The second and third volume were even more amazing than the first volume. It tells more of the story of Askeladd, the main antagonist (and surprisingly the protagonist’s father figure), which, after reading the first volume, I thought was cool because his design is awesome and he’s strong and he’s basically a badass evil character. What those two books revealed, though, was something that I didn’t even thought of; his even more compelling background story, and the complexity of his character. I first thought that Askeladd was just a selfish, strong pirate with a good leadership skill, but it turns out he’s waaay more than that. Heck, he even made it to my list of favorite characters of all time.

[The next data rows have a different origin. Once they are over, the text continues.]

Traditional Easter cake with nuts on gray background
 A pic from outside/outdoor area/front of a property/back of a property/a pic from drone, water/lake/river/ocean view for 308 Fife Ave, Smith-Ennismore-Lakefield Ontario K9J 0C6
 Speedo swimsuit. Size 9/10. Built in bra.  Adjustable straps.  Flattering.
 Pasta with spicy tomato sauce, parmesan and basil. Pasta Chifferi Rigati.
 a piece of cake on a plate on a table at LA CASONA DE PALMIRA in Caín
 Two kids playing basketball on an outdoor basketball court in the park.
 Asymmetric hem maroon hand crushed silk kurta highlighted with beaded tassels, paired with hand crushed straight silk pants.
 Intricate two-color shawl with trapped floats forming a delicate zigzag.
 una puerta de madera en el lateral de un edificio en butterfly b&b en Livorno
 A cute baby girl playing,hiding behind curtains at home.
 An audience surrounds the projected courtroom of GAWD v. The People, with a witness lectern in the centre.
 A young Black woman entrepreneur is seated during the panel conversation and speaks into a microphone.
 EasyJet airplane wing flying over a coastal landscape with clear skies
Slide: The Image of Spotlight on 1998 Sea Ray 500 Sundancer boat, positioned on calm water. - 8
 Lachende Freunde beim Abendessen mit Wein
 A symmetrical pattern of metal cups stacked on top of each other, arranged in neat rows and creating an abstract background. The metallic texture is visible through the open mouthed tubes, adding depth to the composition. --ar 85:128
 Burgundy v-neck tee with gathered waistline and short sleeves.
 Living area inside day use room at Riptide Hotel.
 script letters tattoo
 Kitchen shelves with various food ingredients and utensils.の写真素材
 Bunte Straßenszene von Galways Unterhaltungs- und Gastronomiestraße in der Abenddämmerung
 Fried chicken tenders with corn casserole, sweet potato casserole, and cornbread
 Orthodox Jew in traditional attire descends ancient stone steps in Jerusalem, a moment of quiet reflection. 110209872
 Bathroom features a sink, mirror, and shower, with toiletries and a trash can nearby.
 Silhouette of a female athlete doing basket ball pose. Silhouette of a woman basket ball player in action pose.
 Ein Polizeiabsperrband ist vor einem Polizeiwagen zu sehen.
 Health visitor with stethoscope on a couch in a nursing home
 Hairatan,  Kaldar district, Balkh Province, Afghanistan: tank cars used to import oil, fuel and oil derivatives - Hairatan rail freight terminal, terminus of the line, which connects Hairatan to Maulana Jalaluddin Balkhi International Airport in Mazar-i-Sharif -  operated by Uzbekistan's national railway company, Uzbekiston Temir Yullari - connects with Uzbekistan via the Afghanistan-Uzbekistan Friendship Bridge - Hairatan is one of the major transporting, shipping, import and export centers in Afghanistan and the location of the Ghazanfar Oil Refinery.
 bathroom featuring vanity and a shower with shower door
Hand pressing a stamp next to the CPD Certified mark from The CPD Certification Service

And then there’s also the politics and the story of the Danish court. Askeladd wasn’t just the one holding my interest–there were also Prince Canute, who was in cold war with his father, and Thorfinn, the vengeful main protagonist, who are also interesting characters. The supporting characters too are not bland, and the dialogues are fun to follow since the people talk a lot of Viking stuff. The historical bits of the comic helps builds up the gravity of the situation, you see, because it makes you realize that what you’re reading is real (well, not a hundred percent real, but still–all the slavery and war and stuff are). Simply put, this manga is brimmed with great content!
I desperately wanted to know more about what would happen next, but I was running out of money (it’s never a sensible thing to spend more than a hundred dollars in a visit to a bookstore, I assure you!). So… well, I read the scanlation, up till the last available chapter. And oh my god asodjaksdakjsbdjqid.
Vinland Saga has become my favorite story ever.
I feel bad for reading scanlations, so I just skimmed the pages (except for some really amazing scenes) to know the story. I plan to buy every volume of Vinland Saga. While I wait for a more appropriate time to do a comic book haul, I reread and reread the first three volumes that I’ve owned. Amazing story. Amazing art. Amazing characters. I just can’t stop being amazed by this manga.
But after a few days, I stopped reading altogether. By this time I was afraid that I’d get bored by it, and for me that’s the worst thing that could happen to a manga that’s so incomparably good. The stories and characters had been well assimilated into my mind until now. And I can’t remember the story of Vinland Saga without feeling at least a bit sad (Yes, this manga is capable of making you feel sad and broken, and that is a wonderful thing to experience when you read a story).
Even now I can’t help but feel blue about Vinland Saga. I wish to create something to express the stories that I think still have more room for expansion, but writing is still a difficult thing for me, let alone writing historical fiction. So I made drawings, which helped me a lot in practicing my rusty drawing skills.
I reckon it’d take me time to be able to write a fanfiction, so I tried to write about my love for the manga in this blog. I think it has helped ease my feelings a bit.